What to do: A word-for-word copy of the following listing is needed. Leave out its images.

Source material:
==============================

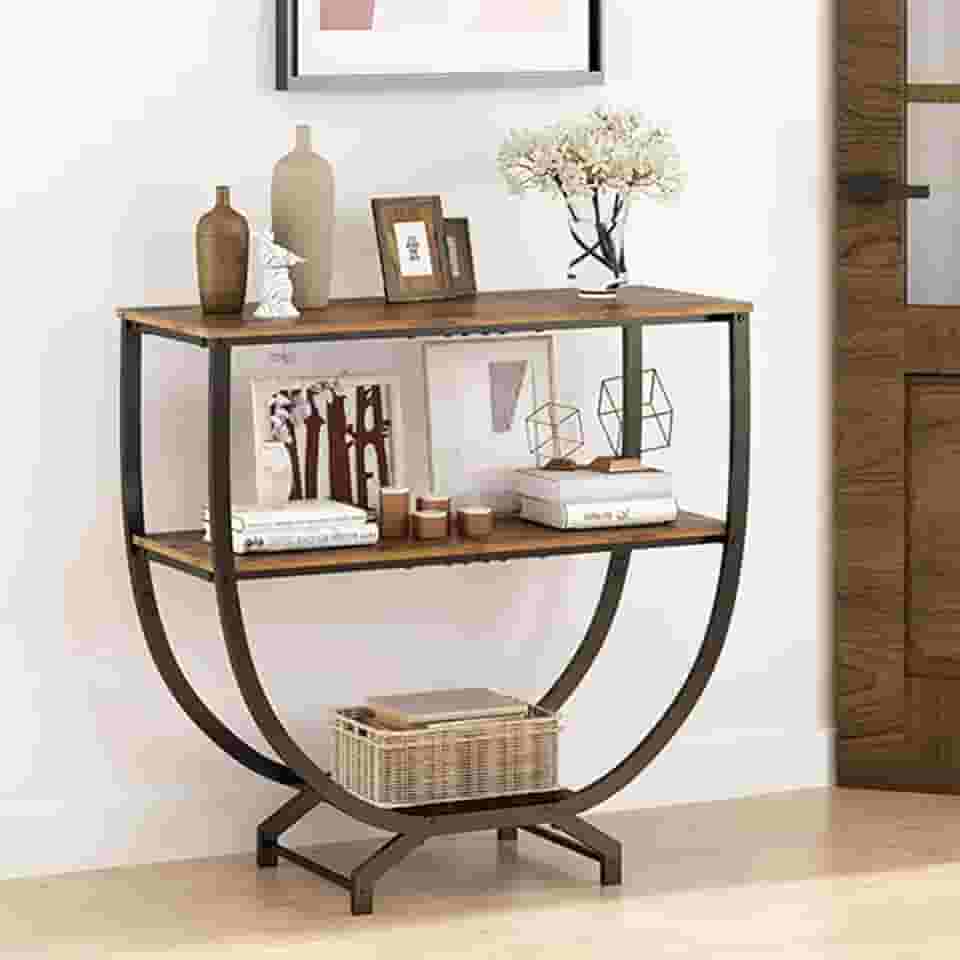 Mesas de Entrada, Mesa de Apoio Semicircular, Mesa de Canto para Sala com Prateleiras de Armazenamento, Adequado para Entradas, Corredores e Cantos de Salas de Estar, Marrom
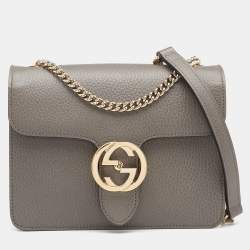 Gucci Interlocking G Shoulder Bag Small Pink in Pebbled Calfskin with Light  Gold-tone - US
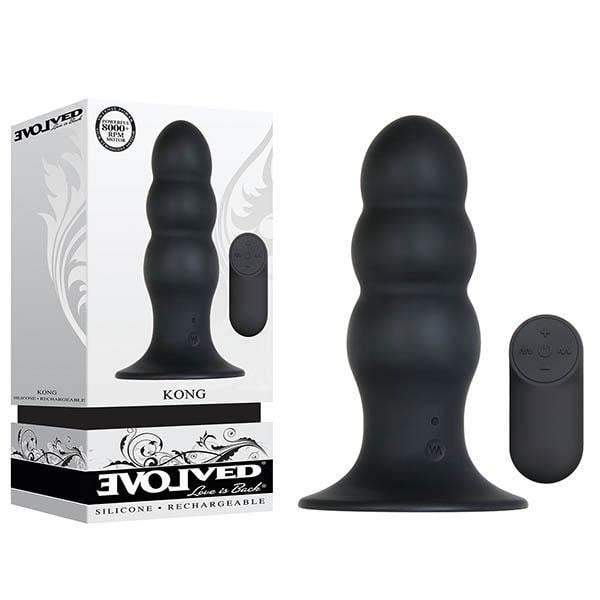 Evolved Kong Large Black Butt Plug with Wireless Remote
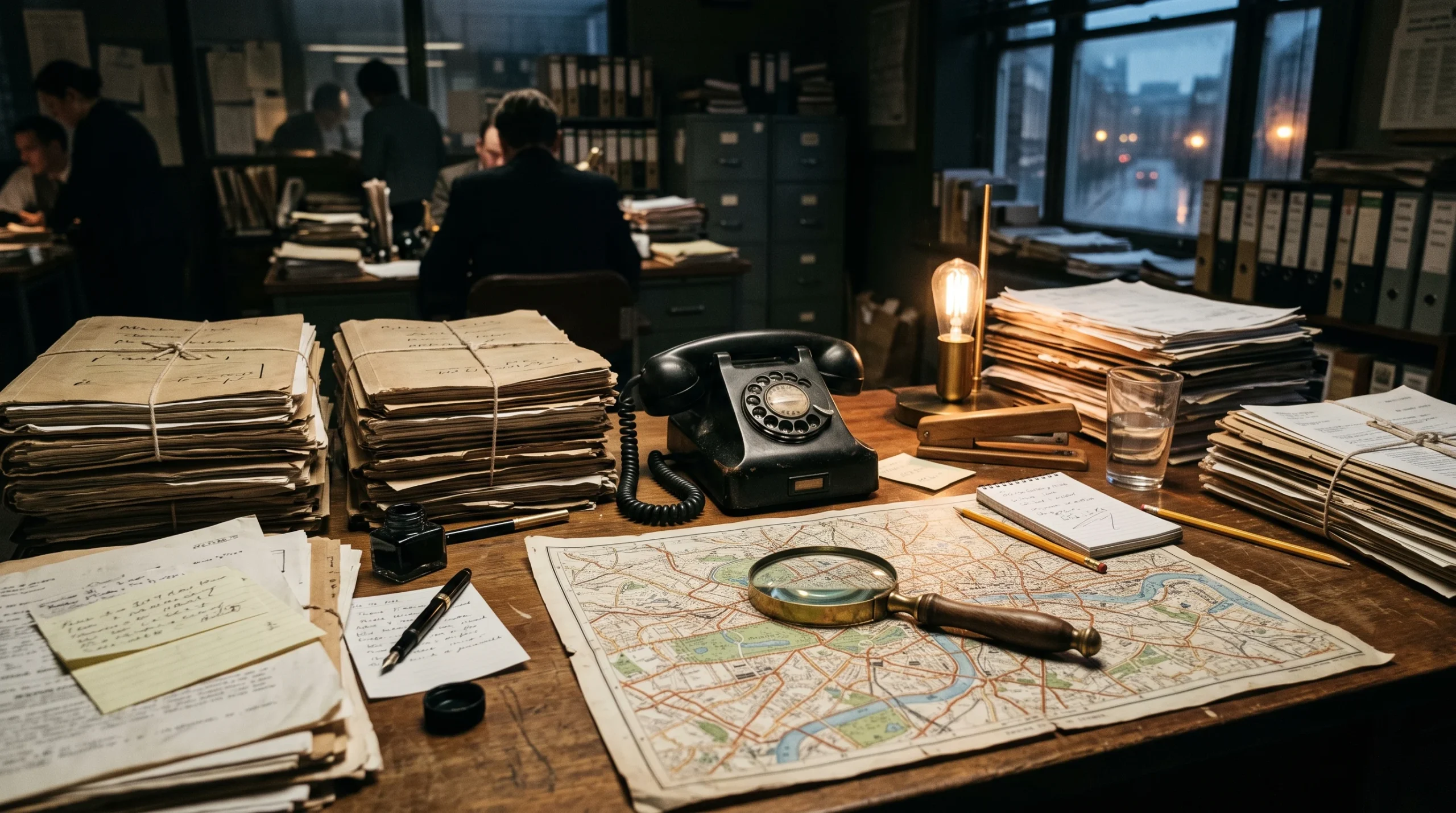 slow-horses-espionage-concept A conceptual image of an espionage desk with files and intelligence equipment.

==============================

Output for this task:
 Mesas de Entrada, Mesa de Apoio Semicircular, Mesa de Canto para Sala com Prateleiras de Armazenamento, Adequado para Entradas, Corredores e Cantos de Salas de Estar, Marrom
 Gucci Interlocking G Shoulder Bag Small Pink in Pebbled Calfskin with Light  Gold-tone - US
 Evolved Kong Large Black Butt Plug with Wireless Remote
 slow-horses-espionage-concept A conceptual image of an espionage desk with files and intelligence equipment.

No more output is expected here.